U.S. Pat. No. 7,482,480 to Srinivas et al., which is incorporated herein by reference, describes a process for the preparation of hydrocarbon fuel that includes contacting fatty acid glycerides with alcohols in the presence of a solid, double metal cyanide catalyst at a temperature in the range of 150° to 200° C. for a period of 2-6 hrs and separating the catalyst from the above said reaction mixture to obtain the desired hydrocarbon fuel.
U.S. Pat. No. 7,842,653 to Darbha et al. describes a batch process for the preparation of lubricants from vegetable oil or fat obtained from animal source that involves a reaction of vegetable oil or fat with an alcohol in the presence of a double metal cyanide catalyst, at a temperature in the range of 150° to 200° C. for a period of 3 to 6 hrs to obtain the desired biolubricant.
International Application Publication No. WO/2009/113079 to Srinivas et al., which is incorporated herein by reference, describes a process for the preparation of biofuels or biofuel additives from glycerol.
U.S. Pat. No. 8,124,801 to Srinivas et al., which is incorporated herein by reference, describes a batch process for the preparation of fatty acid alkyl esters using a catalyst that includes a metal from Group VIB of the Periodic Table, a metal from Group IIIA of the Periodic Table and an element group VA of the Periodic Table.
U.S. Patent Application Publication no. 2010/0108523 to Sams et al., which is incorporated herein by reference, describes removal of glycerin from biodiesel using an electrostatic process.
U.S. Pat. No. 7,531,688 to Fleischer, which is incorporated herein by reference, a method for making fatty acid alkyl esters by reacting fatty acid glycerides with an excess of alcohol in a pressurized environment, where the unreacted alcohol component is separated from the reaction product by a flash purification techniques.
Conventional processing (for example, batch processing) to prepare fatty acid alkyl esters, removal of excess alcohols and other volatile compounds is done by reducing a pressure of the reaction vessel and distilling or flashing the excess alcohol from the reaction vessel until all or substantially all of the alcohol is removed from the reaction vessel, which may cause prolonged heating of the reaction mixture in the presence of the alcohol. Prolonged heating of the reaction product may cause thermal degradation of the fatty acid alkyl esters and/or hydrolysis of the fatty acid alkyl esters. Thus, an efficient method of removing alcohols and/or water from the reaction mixture is highly desired.

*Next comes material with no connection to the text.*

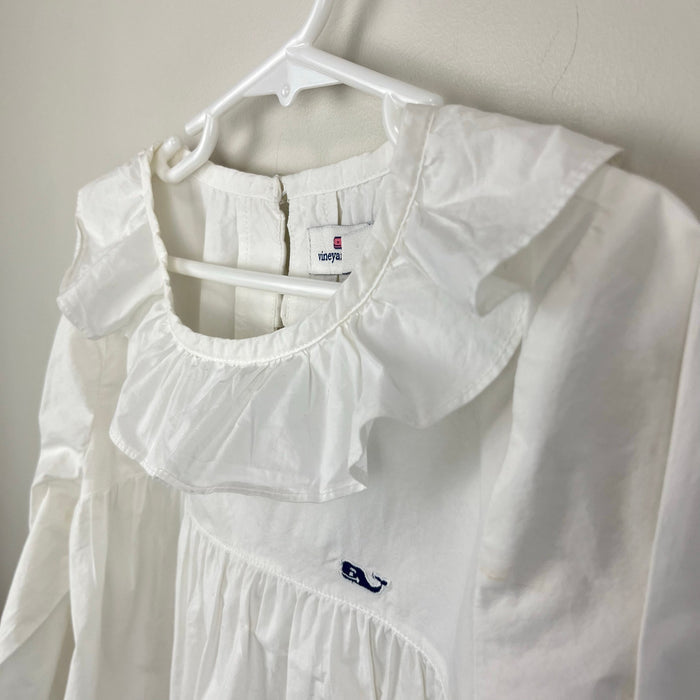 Vineyard Vines White Ruffle Blouse Medium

As described, many methods and/or catalysts for the transesterification of fatty alkyl acids have been proposed, however, many methods require purification of starting materials, removal of water from the starting fatty alkyl acid, and/or steps to remove by-products formed from the esterification reactions. Hence, an efficient method of transesterifying both edible and non-edible vegetable oils in refined or unrefined forms at mild conditions is highly desirable. Moreover, an efficient method of simultaneously converting free fatty acid contaminants of naturally-derived and sustainably-produced fatty acid glycerides at mild conditions is highly desirable. Such combined methods enable economic benefits and make the bioproducts an economical alternative to petroleum based diesel and lubricants.